Even if we are good at spotting it, how do we evaluate it? In a classroom, is submitting a paper that is 30 percent AI-assisted cheating? What about one that is 60 percent? Does the author of a novel of which 20 percent is “written” by AI deserve credit or copyright protections? Does the AI engineer deserve some credit?
The point is that sorting out the value and validity of the end product — assuming we can reliably detect it — is going to be a big task. And the consequences of AI-assisted writing will change the way we teach written communication, too.
Is the Future of Writing in Its Past?
I already see a future in which, in business school for example, students are taught not only to use AI-writing tools but how to manage and deploy them across broad communities of customers, investors, and employees. Where the goal is consistency, clarity, and efficiency, but not necessarily personalized style.
Down the hall or across campus, in liberal arts arts classes, the lessons might be dramatically different. There, instructors who value creativity and originality in style, thinking, and communication might find themselves in pitched battle against these well-intended, but increasingly powerful, technology tools. Some instructors may argue they already are. Unable to stop the spread and improvement of AI writing, might classes that rely on the creative word distance themselves from contemporary technology or from writing altogether — reverting to hand-written, in-class, observationally created prose or oral storytelling?
Such a shift would make the mastery of writing fundamentals such as grammar, syntax, and diction a much more specialized skill than it is today, while skills such as critical thinking, argument construction, and source usage become the center of gravity for what most learners and employers consider “writing.”
Not That Pandora, the Other One
While this future might seem far-fetched, history suggests otherwise. Consider that not long ago most companies employed enormous departments where people did quantitative work almost completely manually, while today the definition of a quantitative job is almost always better described as supervising automated computations by dictating high-level computational objectives and leaving the nuts and bolts of the math entirely to the machine.
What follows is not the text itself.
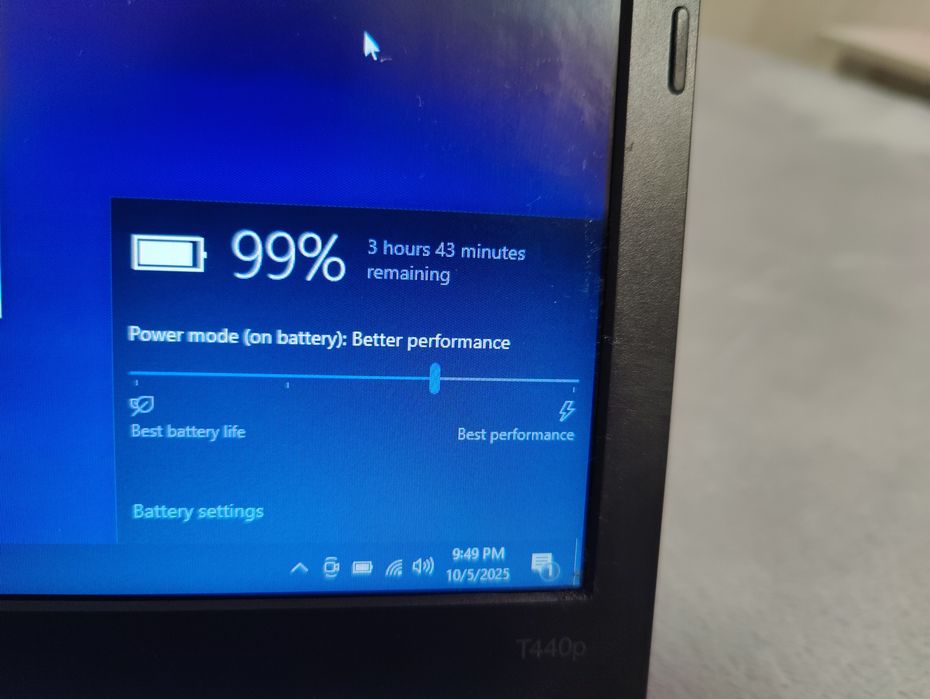 Laptop gaming Lenovo Thinkpad i7 Ram 16Gb ddr4 video 4Gb Windows 11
It is an inevitability that computer-assisted writing will become a ubiquitous and indispensable part of human communication. Our responsibilities as educators and builders of educational tools requires us to reimagine our concepts of creation and assessment, knowing that to do so opens up a Pandora’s box of questions around originality, integrity, and the shifting role of writing in our society, and the place for increasingly advanced AI in writing education.
Such a shift would turn evolving notions of teaching with technology on their ears. Remember the argument that there is no point in learning cursive handwriting because no one writes by hand? No point in knowing how to write a check because of online banking? No point in learning to add or subtract because of calculators or how pointless it is to learn any fact because Google? What if, to incentivize and verify independent thought and expression, you could not use any of those things?
I know, that is a great many questions.
And that’s my point. If they are not here already, these questions are coming and we would be wise to start considering answers soon because the better AI gets at filling in answers, the more people accept it and use it, the more we will eventually have to reimagine our concepts of creation and assessment, which are two pillars of teaching and learning.
And that’s fine, maybe even good. But it is probably — the AI thought I was going to say “not great” just there — not optional.